ATLANTA, GA (March 19, 2020) - In light of the ongoing COVID-19 pandemic, we have made the difficult decision to postpone the 44th annual Atlanta Film Festival + Creative Conference (ATLFF), originally slated for April 30 – May 10, 2020. We remain committed to presenting ATLFF in 2020 in a way that the city can be proud of, and recognize that with recent guidelines by both the City of Atlanta and the CDC, it is no longer possible on the previously announced dates. We are already in the process of selecting new dates for later in the year, which we hope to announce very soon.

This is not a decision we make lightly, but we are committed to protecting the safety of our staff, filmmakers and all those who attend our event. We also recognize the importance of playing our part to slow the effects of COVID-19 in order to keep those among us who are most vulnerable safe. 

We are incredibly proud of the work we will showcase in our 2020 program, and remain committed to bringing a diverse lineup of selected films and creative works, in addition to our Creative Conference and special events, to audiences at a time that it is safe to do so. The lineup of programming, selected from a record-breaking 8,550 submissions, has been chosen and will be announced with the forthcoming revised dates for the 2020 event. 

Film festivals have always been deeply rooted in community.
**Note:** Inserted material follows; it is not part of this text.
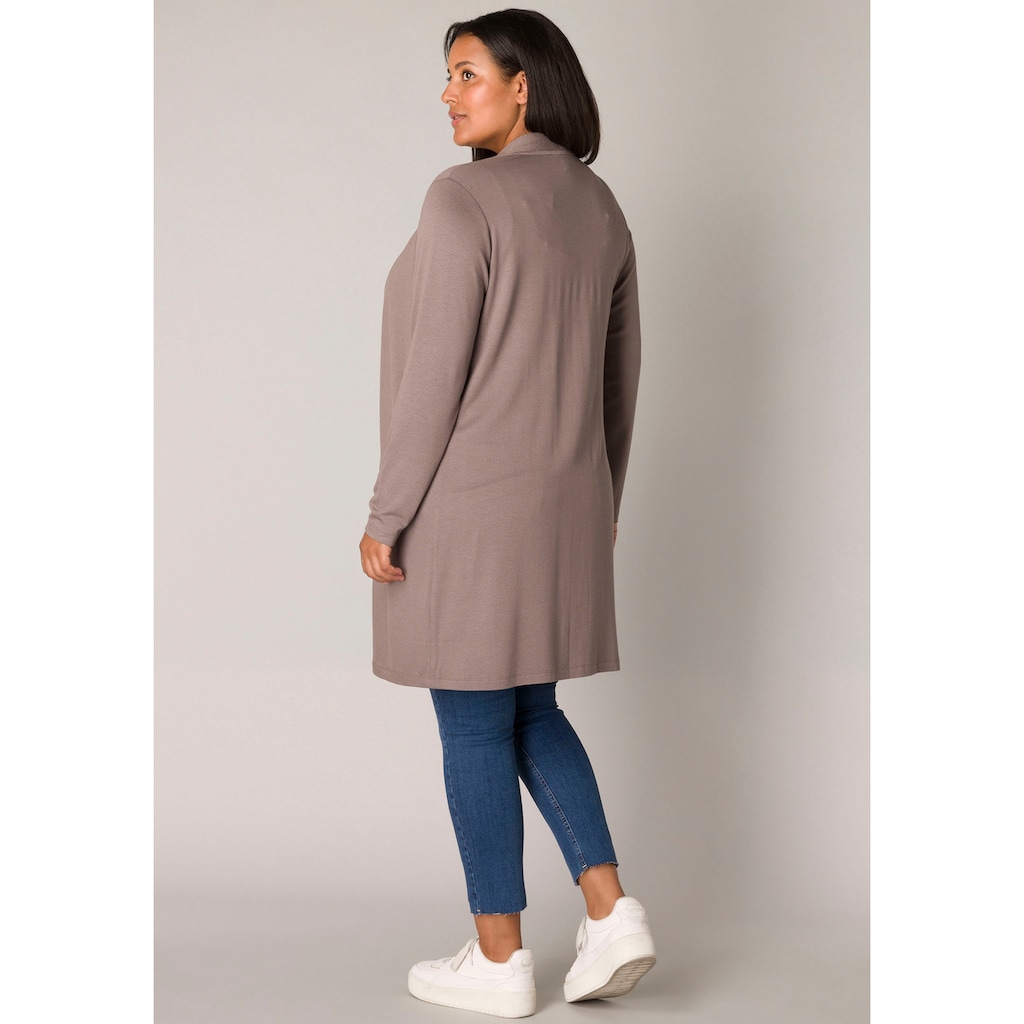 Base Level Curvy Strickjacke, in melierter Optik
While the upheaval in the festival landscape is unprecedented and can feel disheartening, we are encouraged by the level of kindness and support we have witnessed amongst our festival peers, sponsors, the filmmaking community and the city of Atlanta. With this support and collaboration, ATLFF and its parent organization, the Atlanta Film Society (ATLFS), remain committed to our mission to provide support, education and a voice for the arts and filmmakers across the globe, and especially in the state of Georgia. 
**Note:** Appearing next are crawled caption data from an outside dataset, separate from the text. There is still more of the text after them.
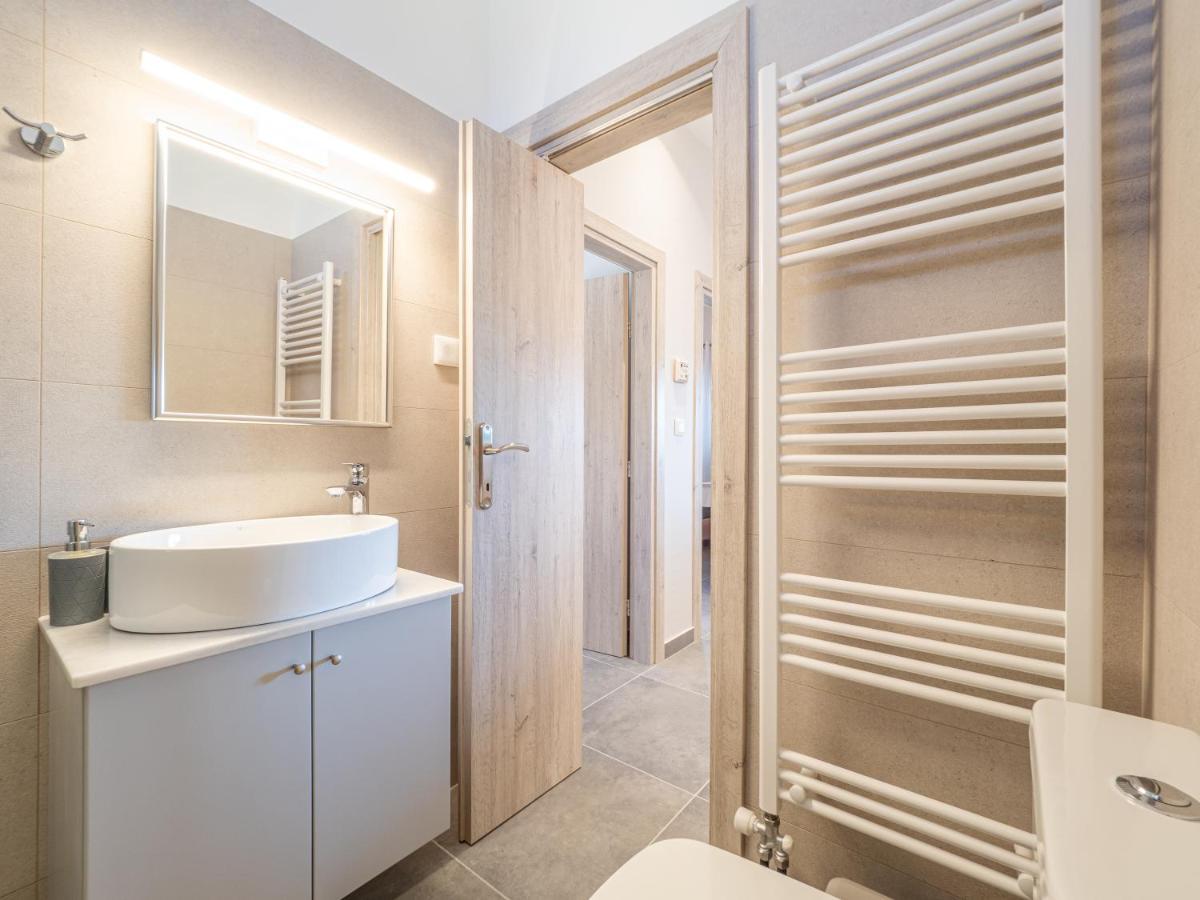 M&K - Maria'S Stylish Apartment Near Alykes Beach Corfu  Экстерьер фото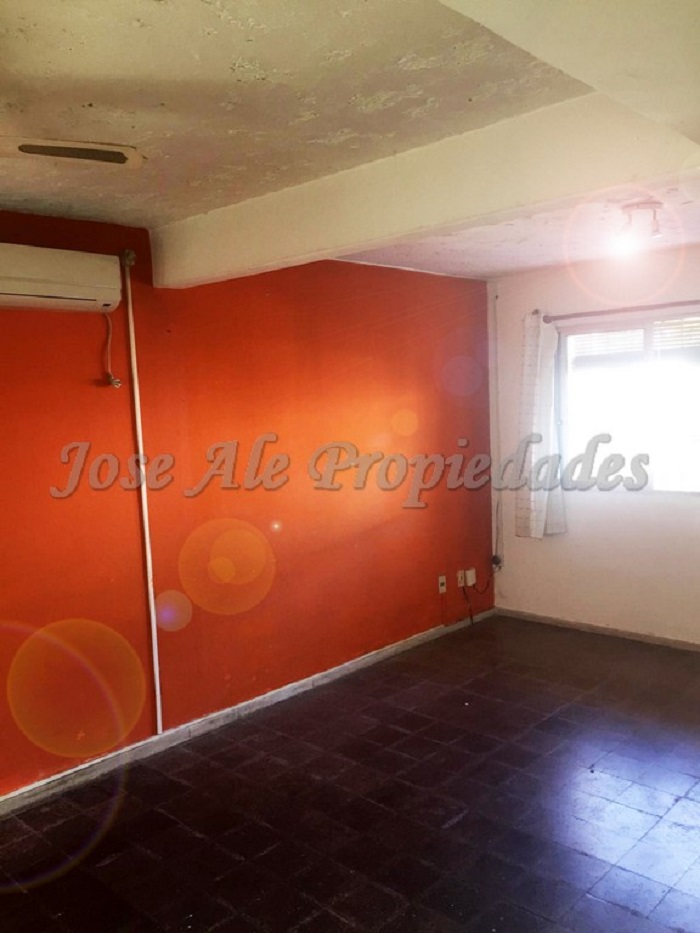 Imagen 2 de Vivienda con departamento ubicada en Complejo habitacional L22 (zona Real de San Carlos) a pasos de todos los servicios, se encuentra en esquina con doble ingreso.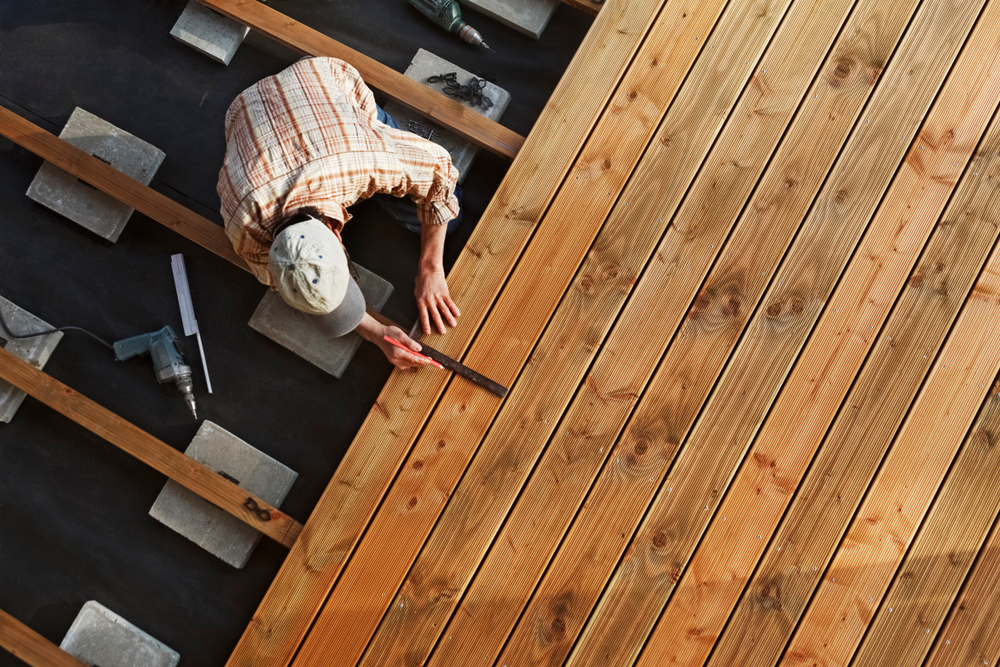 homme construisant une terrasse en bois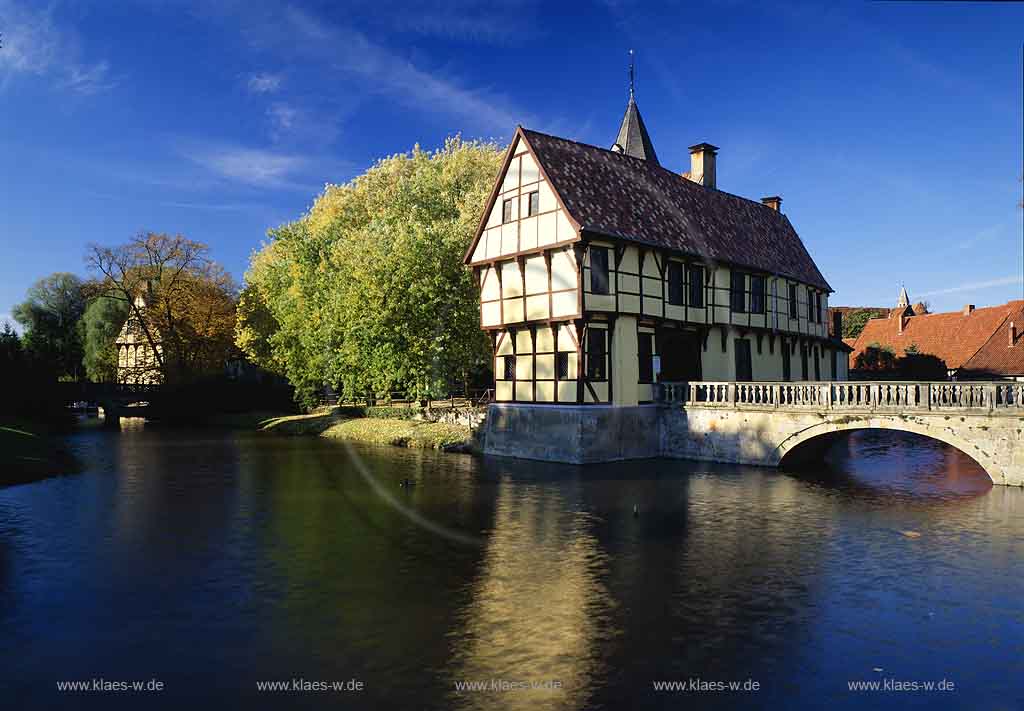 Steinfurt, Burgsteinfurt, Mnster, Muenster, Mnsterland, Muensterland, Blick auf Schloss, Wasserschloss Torhaus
ATLFS will continue to explore online options for classes and events as needed over the coming months, following the guidelines of the CDC and local officials as we move forward.

We realize that moving our dates may bring about scheduling conflicts with our attendees. Any purchased badges will be honored for the new dates. In the event you can no longer attend the festival and have already purchased badges for the original dates, we have relaxed our refund policy and will provide a window to request refunds. Please refer to our website and FAQ page for details on refunds—these pages will be updated as soon as our new dates are announced.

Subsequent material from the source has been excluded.